Space-time bilinearity DCNN feature combine fc6 space-time characteristic be used for double fluid early stage merge, this enable us to reference to local and The room and time information of the overall situation.

9. based on the fusion (three) described in claims 1 it is characterised in that comprising the steps：

(1) early stage merges

Using two independent sequential networks and spatial network S^oWithBinary-flow network be used for action recognition, combine double in early stage The information of stream, by merging fc6 output, S^fc6And T^fc6, fc6 is first full articulamentum, is often used in extracting list from DCNNs Feature；We are referred to as this network, and double fluid is early to be melted；

(2) carry out merging in early days, the method then merging double fluid using bilinearity DCNN, room and time information combines；

The combination initial data pretreatment of the layer by being fully connected, determine classified counting object, carry out point on calculating object Class.

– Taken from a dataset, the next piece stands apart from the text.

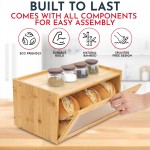 竹制面包盒生产商-现代台面储物箱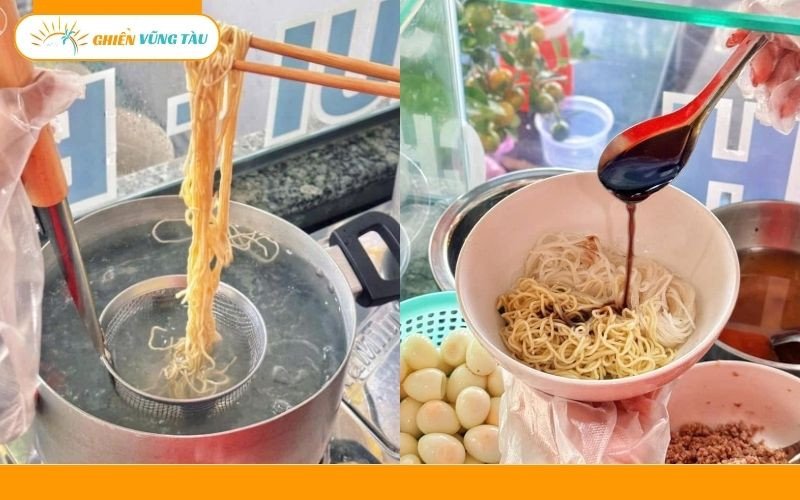 Phục vụ nhanh nhẹn tại tiệm bánh mì Ngọc Châu Vũng Tàu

10. based on the SVM classifier (four) described in claims 1 it is characterised in that the principle including SVM classifier is：

W x+b=0

It is the classifying face equation of SVM classifier；

In classification, in order that classifying face is correctly classified by all samples and class interval reaches maximum, need to meet following two Individual condition：

Φ (x)=min (w^Tw)

y_i(w·x_i+b)-1≥0

Can be obtained by optimal classification surface by solving this constrained optimization problems, and cross two class samples in from the nearest point of classifying face and Just it is so that those special sample that in formula, equal sign is set up parallel to the training sample on the hyperplane of optimal classification surface, because They support optimal classification surface, are therefore referred to as support vector；It is input to SVM classifier using merging output as characteristic vector Among, obtain final classification result.